Sunday, July 26, 2015

Bukti Pihak Asing Bermain di Tolikara





Insiden Tolikara, Papua pada Jumat (17/7) lalu diduga melibatkan campur tangan pihak asing. Kapolri Jenderal Badrodin Haiti menyatakan ada lima orang warga negara asing dalam proposal kegiatan Kebaktian Kebangunan Rohani (KKR) Gereja Injili di Indonesia (GIDI) bertaraf nasional/internasional di Tolikara, Papua, yang berlangsung 15-20 Juli.



"Ada lima orang asing terdaftar di situ," ujar Badrodin di Markas Besar Polri, Jakarta, Jumat (24/7).



Kepolisian mengetahui hal tersebut karena proposal GIDI juga diajukan ke Mabes Polri. Kegiatan GIDI itu mesti dilaksanakan berdasarkan izin Mabes Polri karena berskala internasional.



“Tetapi kelengkapan yang diminta untuk proposal itu ternyata tidak dipenuhi. Apakah (kelima warga asing) yang bersangkutan datang atau tidak (ke KKR GIDI di Tolikara), kami belum tahu,” ujar Badrodin.



Badrodin tidak menjelaskan siapa saja lima orang warga asing itu. Namun, kata dia, Kepolisian akan mulai menelusuri apakah kelimanya ikut hadir dalam KKR GIDI atau tidak.

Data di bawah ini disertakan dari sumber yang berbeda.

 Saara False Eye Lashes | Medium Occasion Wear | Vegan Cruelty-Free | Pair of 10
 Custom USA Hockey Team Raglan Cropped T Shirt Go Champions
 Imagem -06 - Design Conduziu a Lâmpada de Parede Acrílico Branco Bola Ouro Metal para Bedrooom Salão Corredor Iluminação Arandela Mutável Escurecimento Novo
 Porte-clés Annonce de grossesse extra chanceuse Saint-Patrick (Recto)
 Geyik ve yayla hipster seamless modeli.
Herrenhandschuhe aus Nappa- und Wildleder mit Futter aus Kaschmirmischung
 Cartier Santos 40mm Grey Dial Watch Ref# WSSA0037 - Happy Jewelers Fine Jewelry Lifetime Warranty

Ketika ditanya apakah lima orang tersebut terlibat dalam insiden penyerangan dan pembakaran bangunan di Tolikara pada Hari Raya Idul Fitri Jumat pekan lalu (17/7), Badrodin belum bisa memastikan.



Berpotensi jadi Al-Qaeda versi Kristen



“Dengan adanya banyak cabang organisasi para pelaku, bahkan adanya jaringan di luar negeri maka dimungkinkan jaringan ini telah dan akan berkontribusi untuk melakukan perilaku teror,” kata peneliti terorisme Indonesia Crime Analyst Forum (ICAF), Mustofa B. Nahrawardaya, Sabtu (25/7).

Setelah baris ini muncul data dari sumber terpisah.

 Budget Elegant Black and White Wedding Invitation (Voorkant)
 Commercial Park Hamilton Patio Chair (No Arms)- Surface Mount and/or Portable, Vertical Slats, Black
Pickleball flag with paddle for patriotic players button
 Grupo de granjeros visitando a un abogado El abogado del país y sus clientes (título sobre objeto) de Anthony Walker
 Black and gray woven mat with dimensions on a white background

Ia menambahkan, bahkan bisa terjadi tindakan terorisme pada waktu dan tempat berbeda di waktu mendatang. Untuk itu, ia berpendapat jika tidak dihentikan dari awal, maka Gereja Injili di Indonesia (GIDI) berpotensi menjadi 'organisasi teroris besar' seperti Al Qaeda atau Jamaah Islamiyah.



“Tidak mungkin para pelaku teror lapangan bekerja tanpa pendanaan. Banyaknya massa, adanya minyak, adanya pemantik api, adanya peralatan sound system, adanya gerakan massa merusak bahkan keberanian melakukan teror di depan markas militer, sangat mungkin didorong oleh adanya unsur pendanaan untuk melakukan teror,” jelas Mustofa.



Terkit hal tersebut, menurutnya, perilaku kekerasan berupa pembakaran yang terjadi di dekat Koramil membuktikan para pelaku dan sutradaranya terbukti secara brutal melakukan penghinaan. Terlebih, kata dia, penghinaan tersebut juga melecehkan simbol negara tanpa rasa takut.